What - Still no kittens??
You poor thing and the poor cat - it's horrible being overdue!

Emily


----------



## Selk67U2 (May 5, 2008)

*I was hoping to log in a find some kitten arrival news*


----------



## Schimmel (May 17, 2008)

Still nothing???????????? Is she showing ANY signs at all?


----------



## Biawhiska (Mar 28, 2008)

It's all quiet, pehaps it's happening now.


----------



## nickiniknik (May 18, 2008)

OOOO do u think ???? getting all excited now........hope thats the case .... woohoo !!!! lol


----------



## Sinspearian (May 21, 2008)

I feel bad, no kittens yet.

Yes she has shown signs, more mucus and didn't settle at all last night.... again So I stroked her to relax her, her tummy tensed a few times.. only to realise it was her passing wind >.>

believe me that wasn't a nice smell 

She still seems frustrated, I'm worried she doesn't know what to do  Will it come to her naturally?


----------



## Selk67U2 (May 5, 2008)

*Do you know exactly when they were due hun ? They can be in labour a long time, but if you think she's getting distressed, it would'nt hurt to get some advice from the vet*


----------



## Sinspearian (May 21, 2008)

I don't know exactly, but she is showing signs of giving birth, she doesn't seem distressed as such, only frustrated when the kittens are active in her tummy etc... I'm just worried as I've seen a cat give birth and know generally what to expect just before, and she seems to be doing everything else but not giving birth lol 

I really am trying to keep her from going to the vets because I really don't want to stress her out. And as our vets is tiny and always packed I doubt I would get a appointment until the end of the week.. And it might not be a emergency just me being over protective again >.<

Edit: I am really stuck as to what to do, I have the vets number ready, but will I be wasting his time with being a silly over-protective cat mummy?


----------



## Biawhiska (Mar 28, 2008)

PHONE THE VET! just for their advice, that is what they are there for


----------



## Schimmel (May 17, 2008)

Despite what you feel about the vet not being able to fit you until the end of the week, I think you will find if you phone them and explain the situation that they will see her. 

The problem is that you don't know the due date and that is where it's difficult. Especially if she isn't "officially" due until Friday for example in which case there would be no need to take her. 

If it were me, I'd be phoning the vets, telling them what is going on, and then take their advice. It's all you can do really.


----------



## Selk67U2 (May 5, 2008)

*Yea, same advice from me too, if they are like my vets, they will be happy to advise on the phone and go from there*


----------



## Biawhiska (Mar 28, 2008)

Same with me too  Let us know what they say!!!


----------



## Sinspearian (May 21, 2008)

I haven't phoned them as of yet. But I have a update tell me what you think.

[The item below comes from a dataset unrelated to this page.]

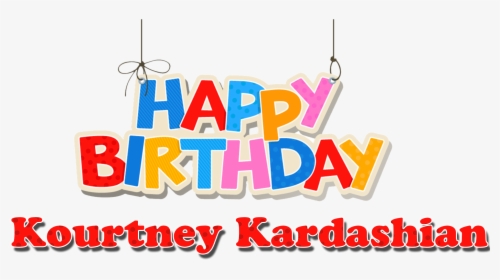 Kourtney Kardashian Happy Birthday Name Png - Happy Birthday Kishore Kumar, Transparent Png, Transparent PNG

I was stroking her on the bed and as she moved there was a little wet patch, clear fluid, not a lot, like a spot of fluid but a couple of spots, Is she ok?

I'm going downstairs now so if the phone is free I will call the vets.

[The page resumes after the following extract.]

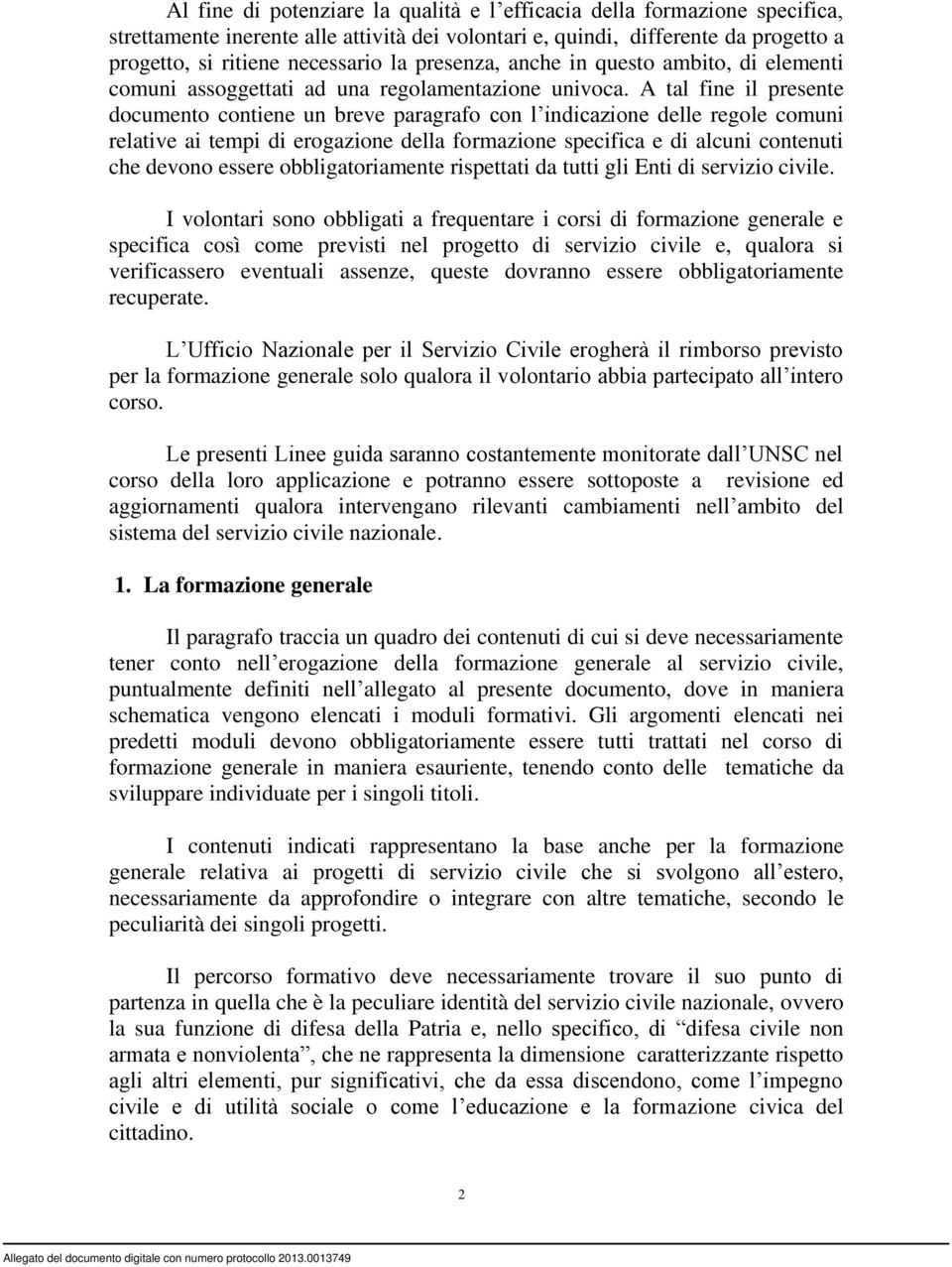 A tal fine il presente documento contiene un breve paragrafo con l indicazione delle regole comuni relative ai tempi di erogazione della formazione specifica e di alcuni contenuti che devono essere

Edit: Just to be sure it was her I wiped her with some tissue and there was more on the tissue, so it is her


----------



## Emstarz (May 20, 2008)

Schimmel said:


> Despite what you feel about the vet not being able to fit you until the end of the week, I think you will find if you phone them and explain the situation that they will see her.
> 
> If it were me, I'd be phoning the vets, telling them what is going on, and then take their advice. It's all you can do really.


This is great advice and I'm sure if the vet thinks she's an emergency - he/she'll fit her in.

Good Luck!


----------



## Rraa (Apr 15, 2008)

Yes - better phone the vet - rather 'waste' five mins of his/her time than risk anything with your lovely queen. Its not being silly at all and you're not being "over-protective" or "over-anxious".... justifiably worried perhaps but after a quick conversation with the vet, things ought to become clearer.


----------



## Schimmel (May 17, 2008)

Sinspearian said:


> I haven't phoned them as of yet. But I have a update tell me what you think.
> 
> I was stroking her on the bed and as she moved there was a little wet patch, clear fluid, not a lot, like a spot of fluid but a couple of spots, Is she ok?
> 
> ...


Her waters could have broken?

Let us know what the vet says please? We're all thinking of you


----------



## Selk67U2 (May 5, 2008)

*Sounds like her waters are going. I would get her where you want her to deliver, unless you want them born on your bed, lol. We are all holding your hand throgh cyber space*


----------



## Biawhiska (Mar 28, 2008)

Gosh, hopefully a good sign as the others say, wishing you both well xxx


----------



## Schimmel (May 17, 2008)

Any news yet? I'm kinda hoping that the reason you've not posted is because you're currently doing midwife duties while some beautiful babies are being born


----------



## Sinspearian (May 21, 2008)

I can't get hold of the vets :/

I went downstairs rang them about 10 times , it was engaged, then the final time it told me their opening hours 

Will you guys stick with me?


----------



## Sinspearian (May 21, 2008)

Schimmel said:


> Any news yet? I'm kinda hoping that the reason you've not posted is because you're currently doing midwife duties while some beautiful babies are being born


She's panting, I guess thats what you can call it, a bit and her tummy seems tense, unless its wind again >.>

I'm going to go sit with her and give her a full examination I will tell you if anything else is different be right back.


----------



## Schimmel (May 17, 2008)

I'll be around but only off and on (I tend to leave the window open on my pc so sometimes it looks like I'm online but I'm actually away from the pc). I'm sure others will be around off and on as well though and if you get desperately stuck, my mobile number is on the contact page on my web site. 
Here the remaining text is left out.